薪さんが青木に語った教団のカースト制における最下層の『鬼』――鬼ごっこなら鬼は追う方ですが、逆に光くんたちに追われる側になっていたミドリちゃんは茂みの中を抜け道路っぽい場所へと辿り着いていました。でも、一体どういう構造になった道路?(^^;)木々が生い茂る道らしきところから開けた場所に出た、と思ったらいきなり行き止まり…(・・;)ガードレールが見えるんで道だとは思うんですけど違うのかな…;;;;
背後を振り返りながら走って来たミドリちゃんは行く手を阻むガードレールに突き当たり足を止めます。
「あっ」
ガードレールに掴まり下を覗き込むと、足元から小石がガラガラと音を立てて転がり落ちて行きます。どうやらこの先は崖のようです。
「だめだよ、『鬼』なのに逃げたら。逆だろミドリ」
涙を浮かべ退路が断たれたことを思い知ったばかりの彼女に、追いついた光くんが後ろの茂みから声をかけます。

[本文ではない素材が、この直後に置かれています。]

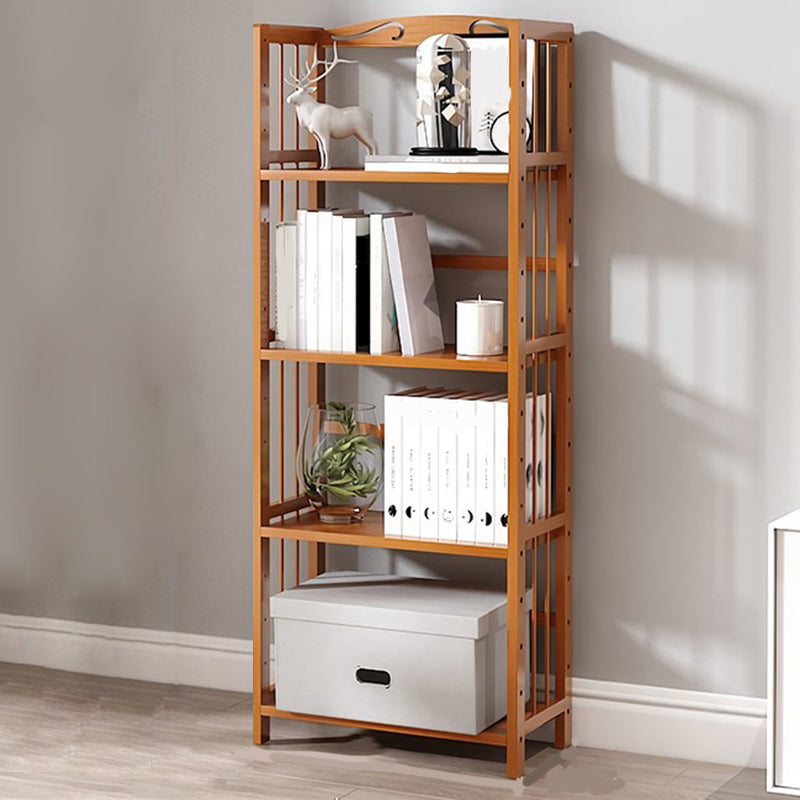 Modern Vertical Bamboo Shelf Etagere Espresso Shelf Bookcase for Bedroom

「逃げようとしただろ、一人だけ。あそこから、僕たちから」
ディンダル様、許さないぞ、って追いつめるの似合い過ぎ…(;´Д`)
「逃げ出そうとしただろう、たった一人の弟を置いて」
そう言った光くんの後ろにいたのは、ミドリちゃんの病室の前で光くんにしがみついていたあの眼鏡の少年です。青木の眼鏡もですけど、今時珍しい丸眼鏡、一緒やなぁと思ったら弟だった…;;;;
「コウタ…!」
鬼にされたミドリちゃんにとっては毎日が地獄に違いなく、その立場が悲惨としか言いようがないのは事実ですが、教団の他の子供達にとっては、『鬼』とは自分達が絶望しないため、最後に残ったわずかな自尊心を守るためにどうしても必要なものだったのでしょう…。逃れられない徹底したカーストに縛られた彼らは、序列のルールによって全てが決まるというわかりやすくある意味安定した世界を子供なりに築いていたのだと思われますが、それが崩れなかったのは一番下に皆が「どんなにここがひどくても、毎日が辛くても、あいつよりはマシだ」という共通の認識を持ち得る『鬼』がいたから。

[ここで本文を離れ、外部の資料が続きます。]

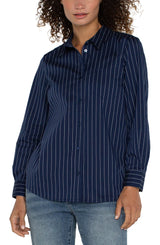 Liverpool Poplin Shirt / Navy Pinstripe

カーストの頂点だった児玉やその下の大人たちがいなくなっても維持されていた、彼らが縛られている極端に狭く偏った価値観だけに統べられた世界――それが今、『鬼』であるミドリちゃん、彼女がたったひとりいなくなるかもしれないというだけで揺らぎ、危うくなってしまっている……ミドリちゃんが逃げ出すこと、それは児玉に代わるカーストのトップに立とうとする者にとっては特に、看過しがたいものなはずですよね(・・;)


バンッ!と勢いよくドアを開け、おそらく病院の小児病棟でしょう、薪さんが青木を伴って現れます。もうとうに面会時間は過ぎているようですし、突然の訪問者に驚き「ちょっと!」と詰め所にいた年配の看護師さんが声を上げます。
「すみません!薪さん!」
片手を上げただけでとりあえずそれに応え、詰め所前をスルーする薪さんに青木が続きます。

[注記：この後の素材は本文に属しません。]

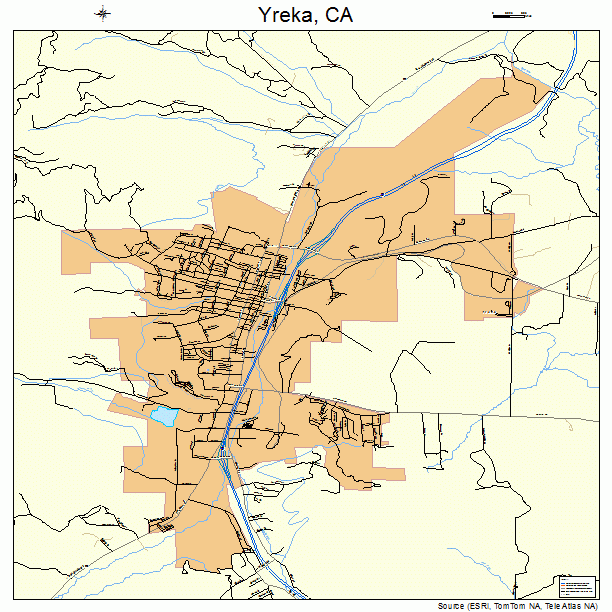 Yreka, CA street map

「ちょっと…!!何なんですかあなた達、こんな時間に!出てって下さい!子供達はもう就寝してるのよ」
「薪さん!ちょっとこれはマズい…」
「誰か止めて!」
誰の制止も聞かずミドリちゃんがいるはずの大部屋へ直行した薪さんを追って行った青木ですが、手を伸ばして「ま…!」とその動きを止めようとしたところで、薪さんの肩越しに目に飛び込んできた部屋の中の光景に唖然とします。
開いた窓、寝ていたはずの子供達の姿が忽然と消えた、奥まで並んだ無人のベッド…。
「…何て事…!子供達は…!?」
青木たちを止めようと追いかけて来た看護師さんが戸口で愕然と声を上げます。子供達はってこっちが聞きたい…見たとこ窓から逃亡したっぽいですが、ここ1階なんでしょうか?;;;;昼間光くんたち青木たちを高いとこから見送ってなかった?(;・∀・)
「主任!!主任!来て下さい!!」
「薪さん…!」
騒然となる現場ですが、薪さんは冷静にもぬけの殻になったベッドに歩み寄りそっとそこに触れてみます。
「まだベッドが暖かい。子供の足ではまだ遠くにはいってない筈です、手分けして探して下さい。我々も応援を呼びます」
「はい!!」
駆けつけたさっきまで何なんですか!言うてた主任さんに指示を出し、今度は取り出したスマホをカチカチ操作する薪さん。
「薪さん…!」
さっきから薪さん!しか言えなくなってる青木…(・・;)RRRRR、RRRRR、とスマホのコール音が(まさかスピーカーにしてる(^^;)?)響く中、何も言ってくれなくなった薪さんの後ろで途方に暮れております。大変な事態になっておりますが、マイペースに青木に構う薪剛が愛しいです…(;^ω^)さっきはネクタイグイー!して密着解説してたのに今度は放置…で、何で緊急事態を予想していたはずなのに青木と2人だけなんでしょう;;;;←靖文は?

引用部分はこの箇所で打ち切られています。